3 Data and measurement

One of the key differences from ordinary thinking and thinking as a researcher is in the vocabulary used to talk about issues and develop analyses. Although some of this vocabulary may be tied to a specific kind of positivism, it actually applies across all methodological approaches.   This vocabulary provides a vital  structure for designing, carrying out and reporting on your research projects.

 

Unit of analysis

The unit of analysis, in essence, is the unit you are interested in studying.  It can be surprisingly hard to determine what the appropriate unit of analysis is.  It might be individual people, dyads (e.g. pairs of people such as couples or employee/supervisor), formal organizations, geographic units are some common examples.  In conversation analysis, the unit can be the sentence or conversation; in content analysis it could be newspaper articles, advertisements or works of art.  In data mining it can be the individual words that make up texts.

That’s the simple version, and plenty to think about.  But often in the real world of research you have multiple units that relate to each other.  The example that is probably easiest for Americans to understand is that students are nested in teachers who are nested in schools that are in districts and states.   Or individual people live in neighborhoods.  In these cases we may have concepts that cross units.  For example, do characteristics of a place (such as the level of air pollution) have an impact on the health of individuals? Do teacher to teacher differences explain differences in student outcomes?  And are teachers with different characteristics found in different kinds of schools?  Advanced statistical techniques can help to manage this kind of complexity, but qualitative research can also be effective in uncovering and exploring these connections of units.

Variables

Another key thing to consider is what variables we are interested in.  But what is a variable?   This is a surprisingly hard concept to get your mind around.  Many of us first heard the term variable in the context of a math class.  We might have seen something like this:

x + 5 = y

There are (infinitely) many values of x and y. They can vary.   Variation is what makes something a variable.

However if I give you this equaton

x + 5 = 7

there is only one correct value for x, x = 2.  In that case x is not a variable.  It is just standing in for the number 2.

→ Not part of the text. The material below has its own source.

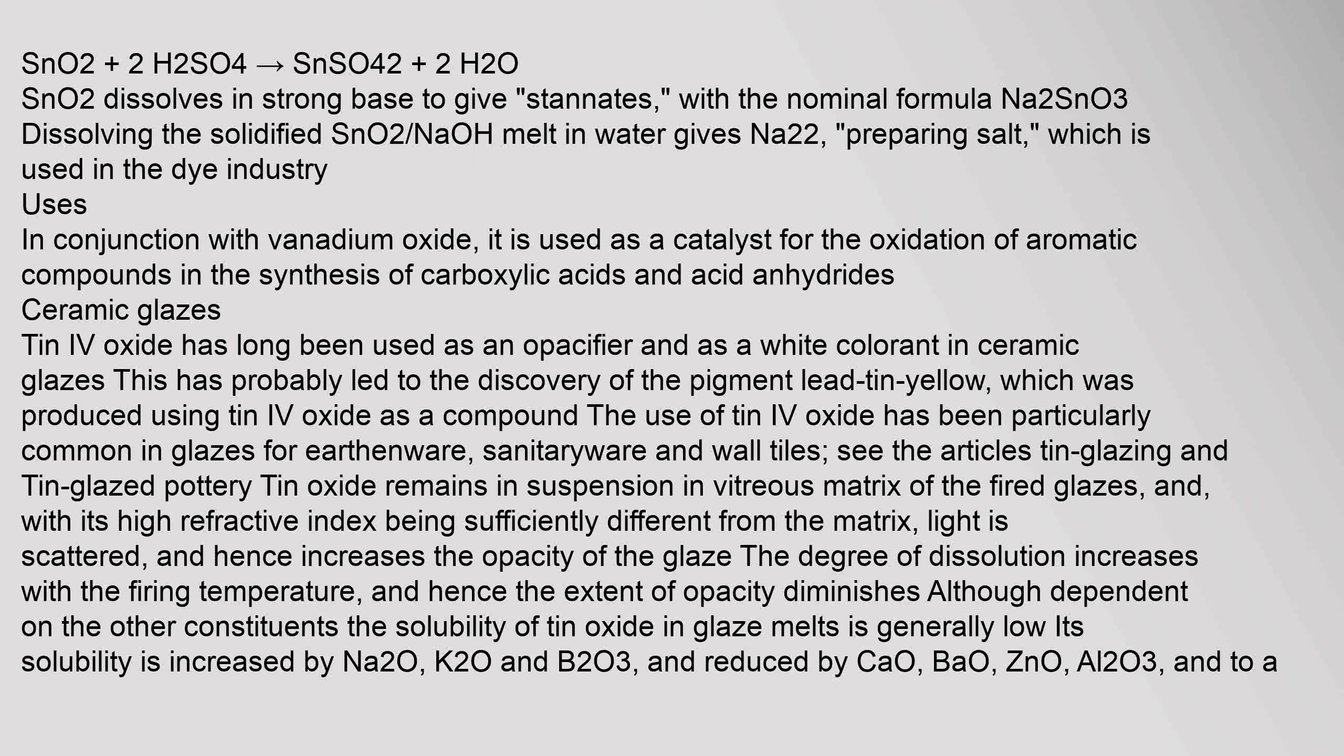The solubility of tin oxide in glaze melts is generally low. Its solubility is increased by sodium oxide, K2O, and B2O3, and reduced by CaO, BaO, ZnO, aluminum oxide, and TiO2.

One way to think about it that can also resonate is to contrast variables with constants.  A variable takes on many values, a constant takes on a fixed value.  Importantly for doing research, you need to consider what will be constant in your study (for example maybe your  study is in one school, in which case the school is constant) and what varies (for example, the years of teaching experience of each of the teachers in the school).   So being a variable or a constant is not an inherent characteristic of a concept, it is deeply connected to the choices made in the design of a research project.

This can get complicated fast, for example if you collect data from the same person once a year for three years there are things about them that may change, but there are other things that you may assume are constant.

Hypotheses and Questions

Research is seldom this clear cut, but often we will say that either research has a hypothesis or it has a guiding research question.

A hypothesis is a predictive statement about what you expect to find.  It is based on theory and past research — calling it an “educated guess” as some do is misleading.  A research hypothesis should minimally be about a unit of analysis, two variables, and the expected relationship between them.  A hypothesis is something that is either true or not true, and if we can come up with a research design for it, we should be able to conduct empirical research to assess this. (Note: This is not about the statistical concept of hypothesis testing.)

A guiding research question is similar in that its purpose is to inform empirical research.  But a question is not predictive.  Instead it provides a framework for exploring the relationship between variables.  Most often this is associated with qualitative research that is interested in understanding the experiences of people as they understand them, and thus it is a very deliberate stance against imposing an external understanding on their perspectives (though of course the idea that their meaning making is central is itself a theoretical stance). But this approach is also surprisingly important in highly technical analyses that attempt to extract underlying meaning.  The variables in a guiding research question can be harder to pull out because they are implied.

In both cases it is essential that they be researchable.  The process of developing a research idea into a viable research project is often one of moving from very abstract ideas (that may be slippery and hard to assess) to something more specific that can be investigated empirically.

Measurement

To actually be able to research a topic we need to put all these elements together and to consider how to measure the variables we are interested in on the units of analysis we are focused on.

For example, suppose we are interested in religiosity or the strength of religious belief.   We would think about that differently if talking about individuals in the United States overall, individuals who are members of specific religious communities in the United States, the characteristics of a congregation or characteristics a geographic community. We would have to ask ourselves many questions about what we actually mean by religiosity in the context of our study and we would also want to look at past studies and what did and did not work for them.  This process can broadly be called conceptualization.  Then we would want to transform this into an actual measurement of some kind (one or more survey questions, behavioral measures, open ended questions or observation of events).  This process can be called operationalizationThe relationship between these two processes is dynamic as we will see.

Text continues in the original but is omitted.